Car elle trébucha plusieurs fois (sept en tout) sur des racines d’arbres ou des pavés mal ajustés. Ah ! Elle se cogna aussi contre un poteau (deux fois) parce qu’elle était concentrée à regarder où elle mettait les pieds, tout simplement parce que juste auparavant, elle avait marché dans une flaque d’eau boueuse (précisons qu’alors qu’elle se trouvait dans la taverne, les nuages en avaient profité pour beaucoup pleurer). Les flaques d’eau furent d’ailleurs assez joueuses avec elle, puisque par trois fois, en tentant d’éviter l’une d’elles, elle mit le pied dans une autre, encore plus grande.

Mais s’il n’y avait eu que cela !

Ainsi, durant un bon quart d’heure, elle se perdit dans un dédale de ruelles et tourna en rond sans s’en rendre compte. À un moment, elle bifurqua à droite et entra dans la cour d’un bâtiment. Pas de chance, s’y trouvait un gros molosse qui, réveillé par ses pas, se mit à gronder et à lui courir après pour la dévorer vive ! Lucinde, terrifiée,  fit aussitôt demi-tour et ne dut son salut qu’à la longue chaîne qui retenait l’horrible bête.

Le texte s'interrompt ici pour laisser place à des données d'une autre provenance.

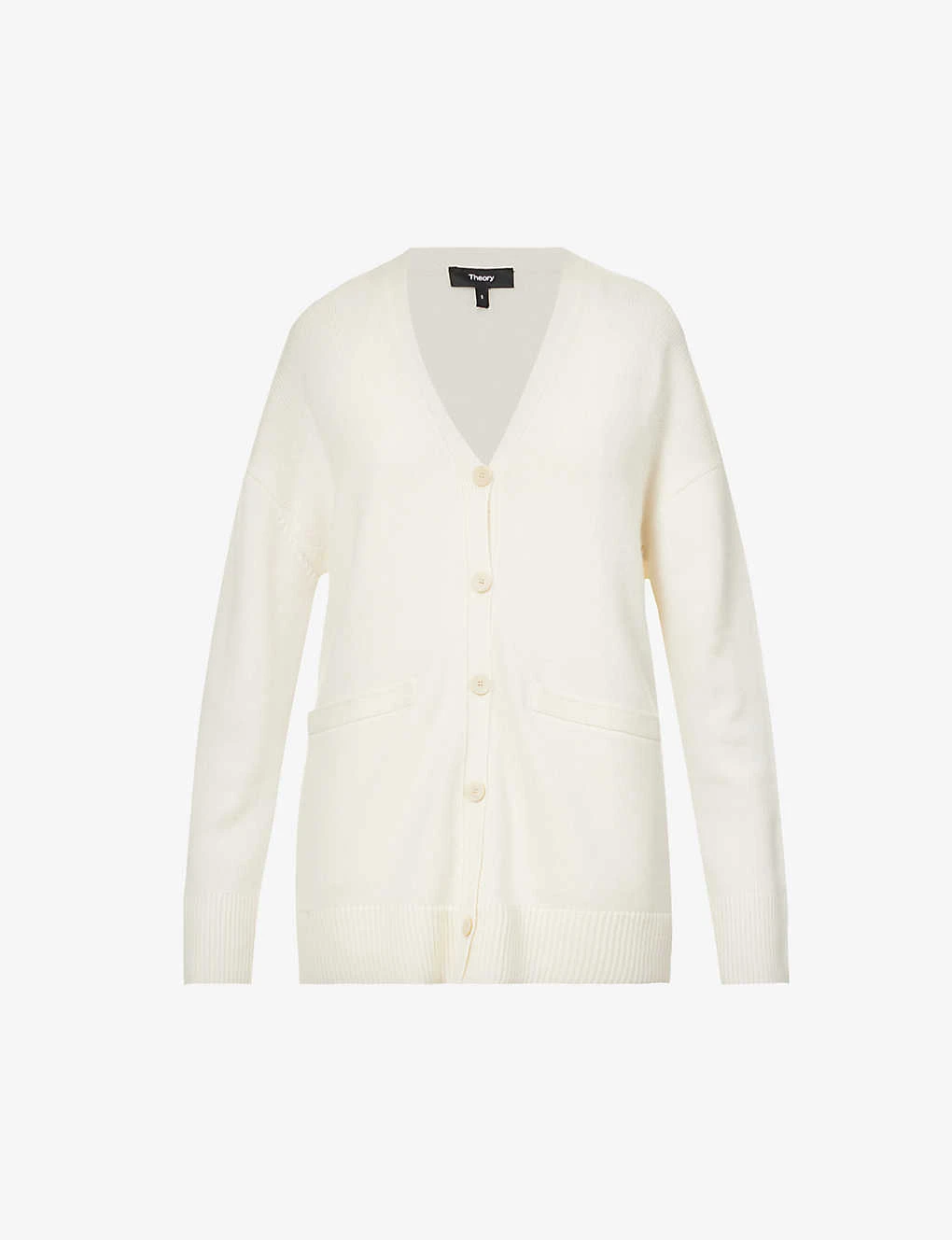 THEORY V-neck Relaxed-fit Wool And Cashmere-blend Knitted Cardigan 1 THEORY V-neck Relaxed-fit Wool And Cashmere-blend Knitted Cardigan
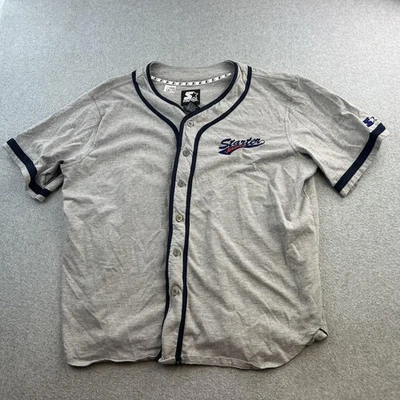 Vintage Starter Athletics Baseball Jersey Shirt Mens XL Gray Baseball Button Up - Image 1 of 4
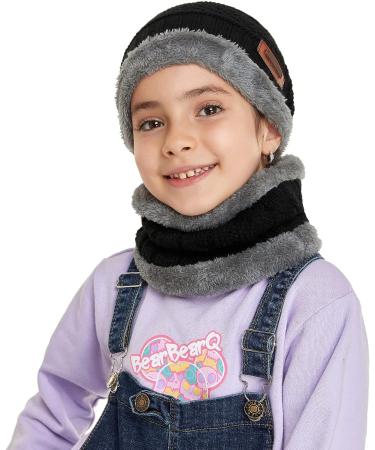 Kids Winter Knit Beanie Hat and Scarf Set with Fleece Lining - Black - One Size - Buy Online on GoSupps.com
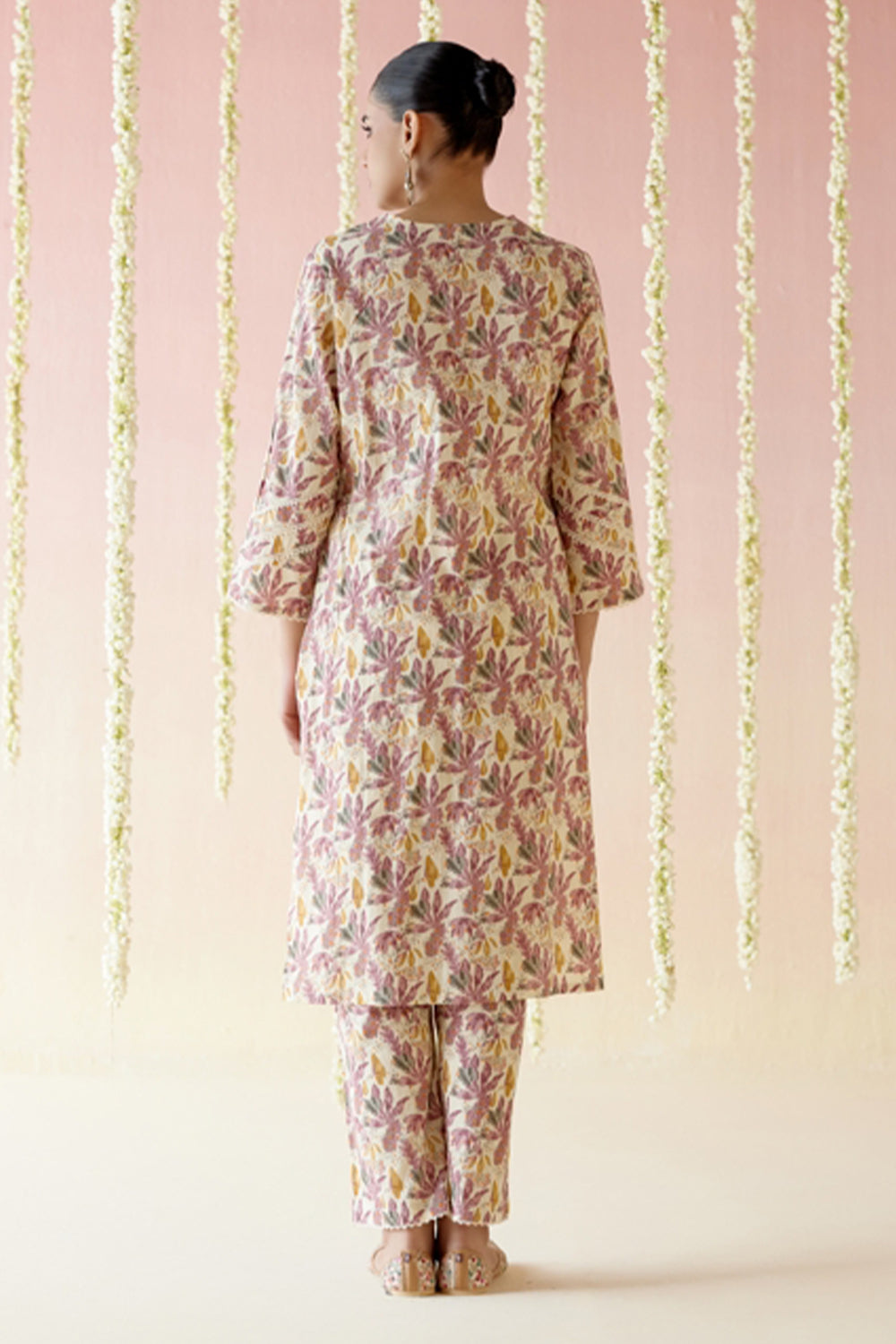 Mauve Floral Kurta with Narrow Pants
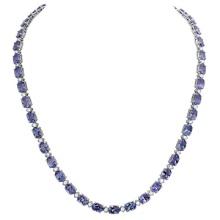 14k White Gold 35.89ct Tanzanite 1.73ct Diamond Necklace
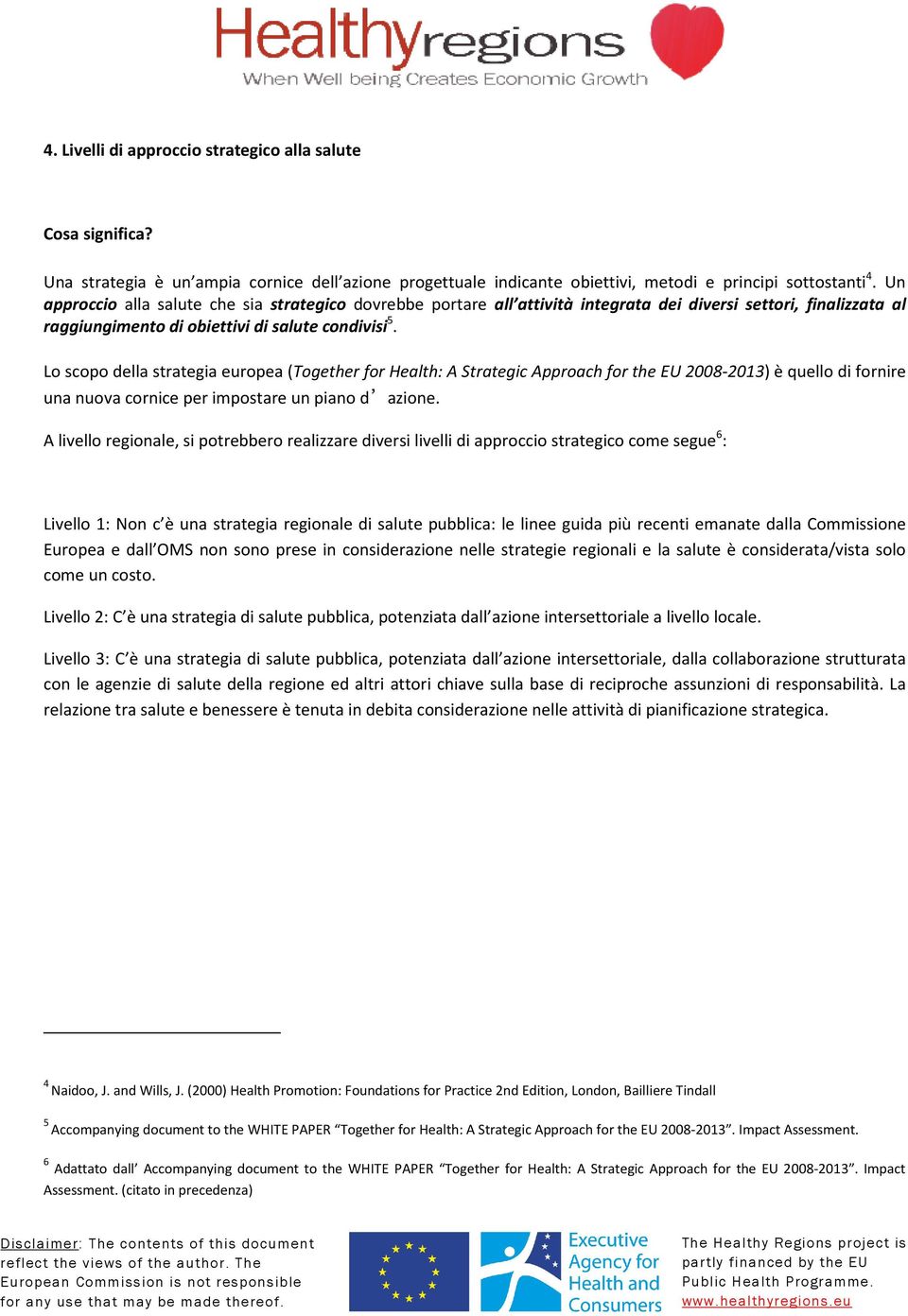 Lo scopo della strategia europea (Together for Health: A Strategic Approach for the EU 2008-2013) è quello di fornire una nuova cornice per impostare un piano d azione.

Mais elle ne fut pas quitte à si bon compte de sa frayeur puisque juste après, elle marcha sur la queue d’un chat de gouttière qui siffla et lui donna deux coups de griffes à son mollet.

Mais s’il n’y avait eu que cela !

Car elle tomba carrément dans un fossé, se faisant fort mal et achevant de salir complètement ses habits. À un moment, totalement éperdue et abrutie par ses mésaventures, elle confondit un arbre avec… un homme, pensant lui demander son chemin et, réalisant son erreur, s’excusa auprès de lui ! Empruntant une autre ruelle sombre, elle s’y retrouva coincée, incapable de voir la sortie et de plus en plus étranglée par l’angoisse (peu s’en fallut qu’elle criât à l’aide). Elle confondit aussi un mendiant avec un sergent de ville et, enfin, se vit alpaguer par un recruteur d’horizontales qui, à la vue de la mise crottée de Lucinde, pensant qu’elle se trouvait dans la plus grande des nécessités, lui proposa d’entrer à ses services. Mais quand Lucinde lui montra aussitôt un visage de vierge outrée, il s’amusa à lui salir les oreilles (au point où elle en était…) en lui tenant ces dégoûtants propos :

— Le zague-zague d’un joujou, tu gagneras cinq sous. Pour le gamahuchage de canal, j’t’en laisserai dix. Et même quinze si tu gobes le merlan. Vingt-cinq sous si tu t’laisses rembourrer le bas. Quant au galipotage de fondement, j’peux aller jusqu’à cinquante sous ! Songes-y ma p’tite fille, c’est pas rien, ça, cinquante sous.

Langage horrible et même doublement pour une jeune fille qui avait quasiment dépensé tout son argent et qui allait devoir très vite en regagner pour se procurer des lunettes. Heureusement, l’homme n’était pas méchant et n’essaya pas de la violenter. Il se contenta à la fin de la laisser partir en l’accompagnant de ses ricanements, achevant de faire monter les larmes aux yeux de Lucinde qui, quelques minutes plus tard, déboucha miraculeusement dans la rue où elle habitait.

Entrée dans son bâtiment, sale, échevelée, épuisée, elle mit un certain temps pour monter à son troisième étage. D’un côté, voir les marches de l’escalier défiler était réconfortant puisqu’à chaque pas elle se rapprochait de son modeste logis et de son lit. De l’autre, les marches, elle les voyait floues et de sombres pensées commencèrent lors à lui venir.